START Stored data

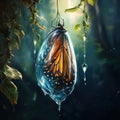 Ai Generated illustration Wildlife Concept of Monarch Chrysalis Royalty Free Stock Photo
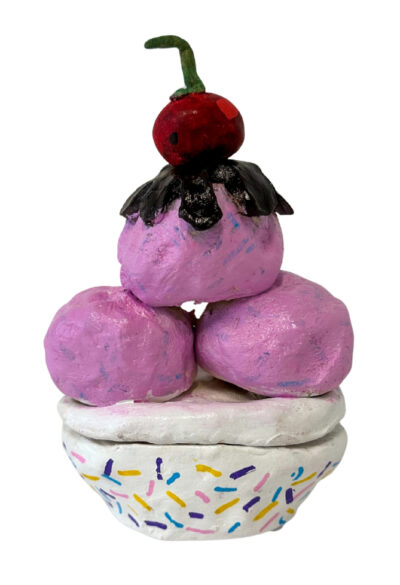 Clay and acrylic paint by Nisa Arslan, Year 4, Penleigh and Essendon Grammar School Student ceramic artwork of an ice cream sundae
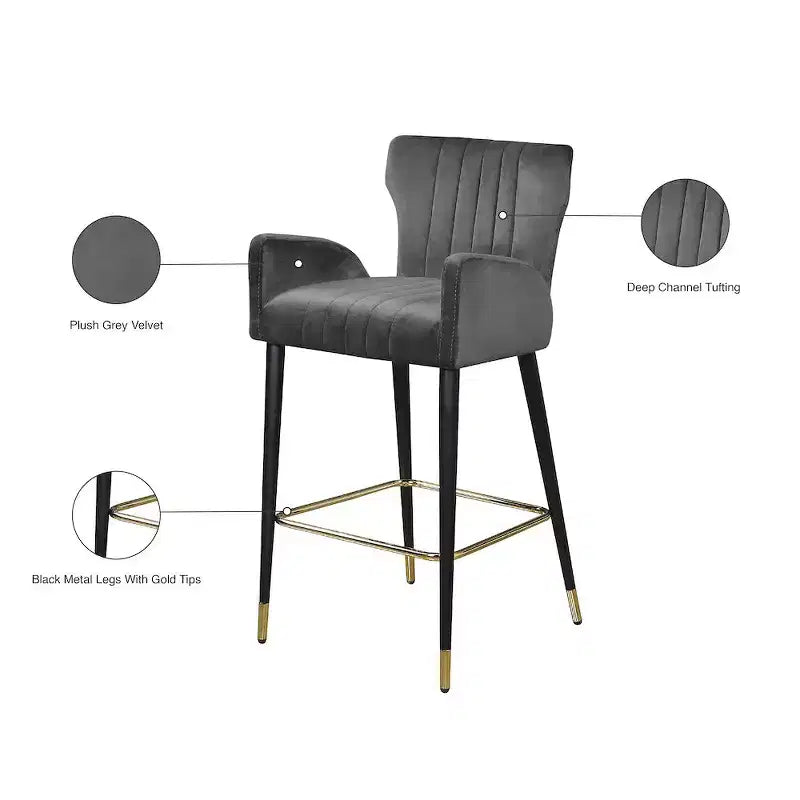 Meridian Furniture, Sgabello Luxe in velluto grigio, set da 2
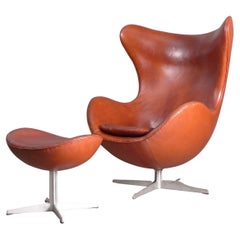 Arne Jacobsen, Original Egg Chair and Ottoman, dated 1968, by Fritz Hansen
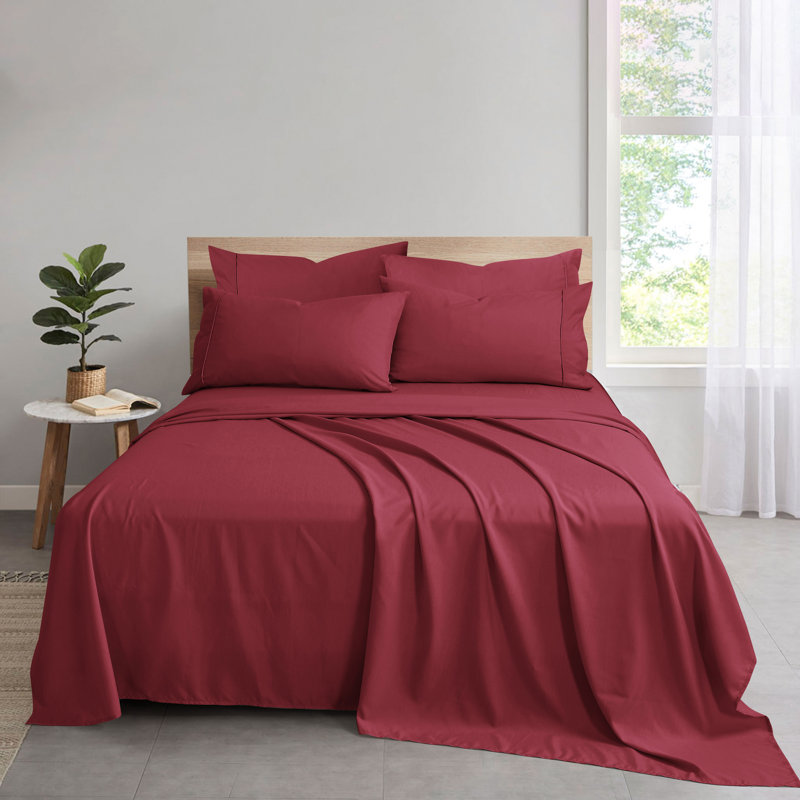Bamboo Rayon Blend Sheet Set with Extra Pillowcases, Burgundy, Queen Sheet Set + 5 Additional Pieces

END Stored data

Work item: Return every record exactly, leaving out the pictures.

Response below:
 Ai Generated illustration Wildlife Concept of Monarch Chrysalis Royalty Free Stock Photo
 Clay and acrylic paint by Nisa Arslan, Year 4, Penleigh and Essendon Grammar School Student ceramic artwork of an ice cream sundae
 Meridian Furniture, Sgabello Luxe in velluto grigio, set da 2
 Arne Jacobsen, Original Egg Chair and Ottoman, dated 1968, by Fritz Hansen
Bamboo Rayon Blend Sheet Set with Extra Pillowcases, Burgundy, Queen Sheet Set + 5 Additional Pieces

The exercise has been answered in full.